▶ [EXERCISE AIM]: Reproduce verbatim the lines of the material below, starting at the line with "CNA932 15.5 inches" and ending at the line with "妻を陥れ義妹と再婚した夫に待つ残酷な因果応報…天罰の結末| 野談 |", both inclusive; skip the rest.

▶ [RECORDS SUPPLIED]:
⟨
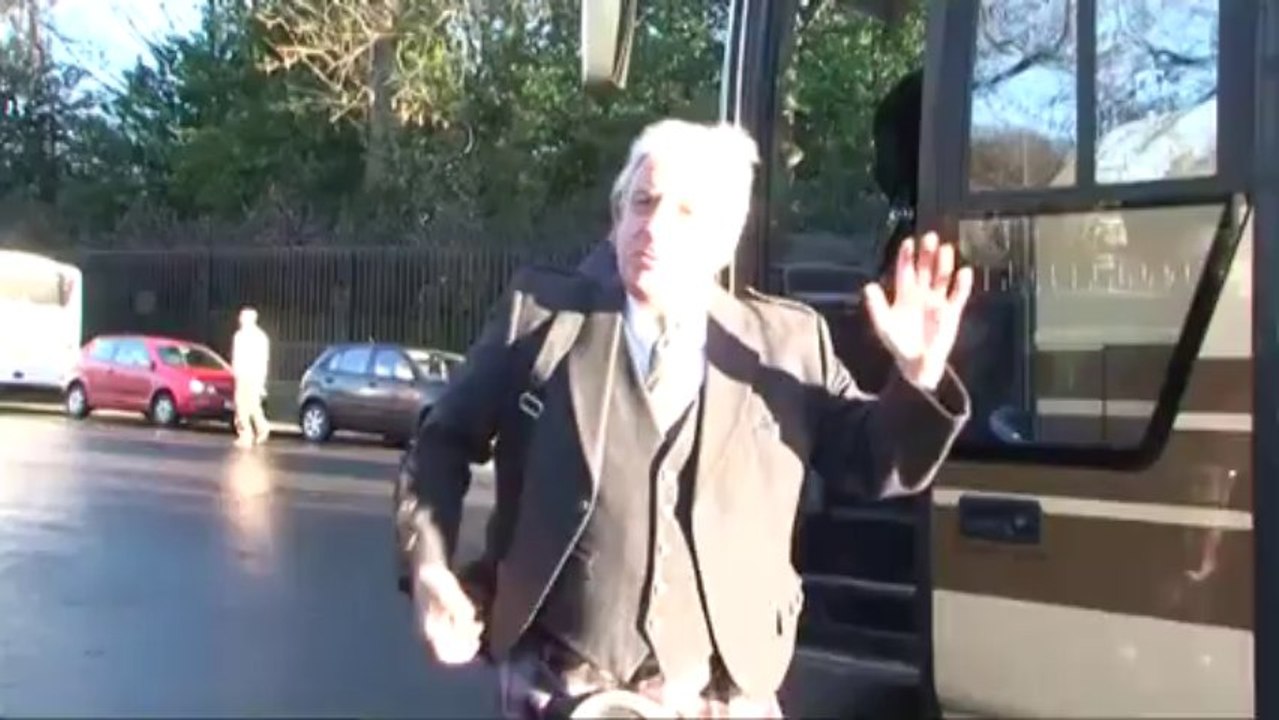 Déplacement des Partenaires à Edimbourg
⟩
⟨
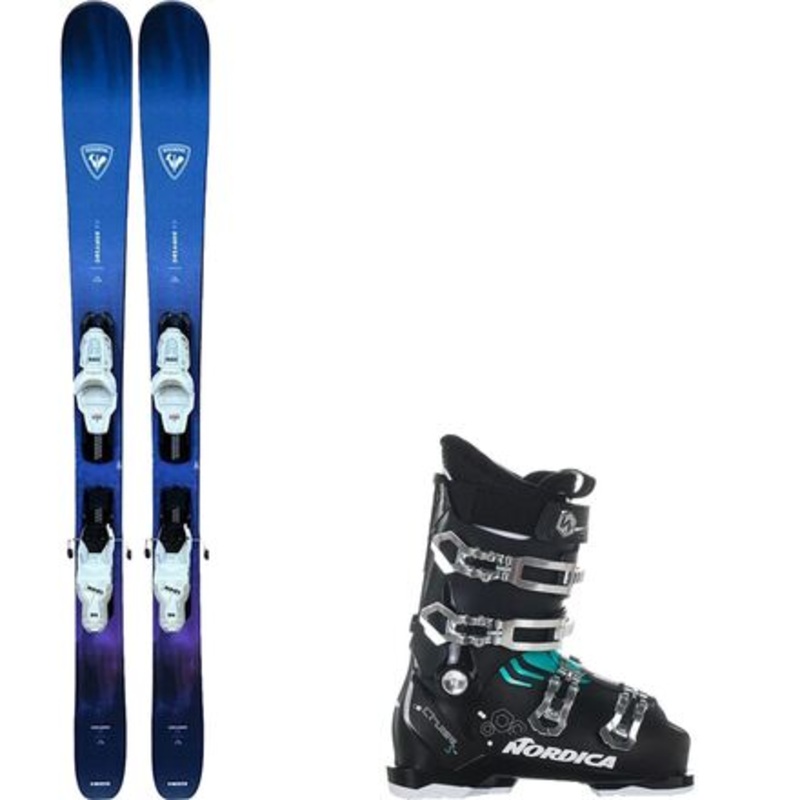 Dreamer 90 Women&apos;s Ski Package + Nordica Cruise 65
⟩
⟨
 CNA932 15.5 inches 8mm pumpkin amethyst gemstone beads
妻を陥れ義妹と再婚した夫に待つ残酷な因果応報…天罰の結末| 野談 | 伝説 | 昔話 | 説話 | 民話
⟩
▶ [YOUR RESPONSE]:
 CNA932 15.5 inches 8mm pumpkin amethyst gemstone beads
妻を陥れ義妹と再婚した夫に待つ残酷な因果応報…天罰の結末| 野談 | 伝説 | 昔話 | 説話 | 民話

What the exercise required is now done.